This patch will really only matter when we have a workload where
a file is being modified often _and_ there is an active fsnotify
mark on it. Otherwise the checks against *_fsnotify.marks.first
will keep us out of the expensive srcu_read_lock() call.

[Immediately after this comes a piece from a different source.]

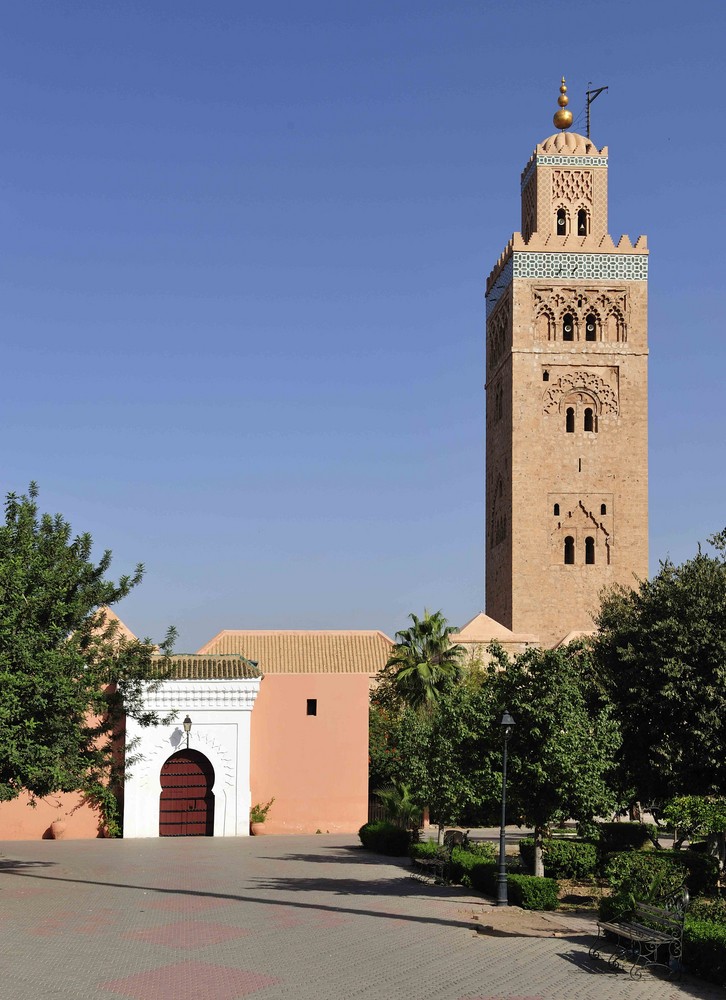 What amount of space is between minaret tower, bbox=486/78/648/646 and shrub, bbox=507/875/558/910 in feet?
120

Cc: Jan Kara <[email protected]>
Cc: Alexander Viro <[email protected]>
Cc: [email protected]
Cc: [email protected]
Cc: Paul E. McKenney <[email protected]>
Cc: Tim Chen <[email protected]>
Cc: Andi Kleen <[email protected]>
Signed-off-by: Dave Hansen <[email protected]>
---

b/fs/notify/fsnotify.c | 44 ++++++++++++++++++++++++++++++++++------
b/fs/notify/mark.c | 8 +++++--
b/include/linux/fsnotify_head.h | 1
3 files changed, 45 insertions(+), 8 deletions(-)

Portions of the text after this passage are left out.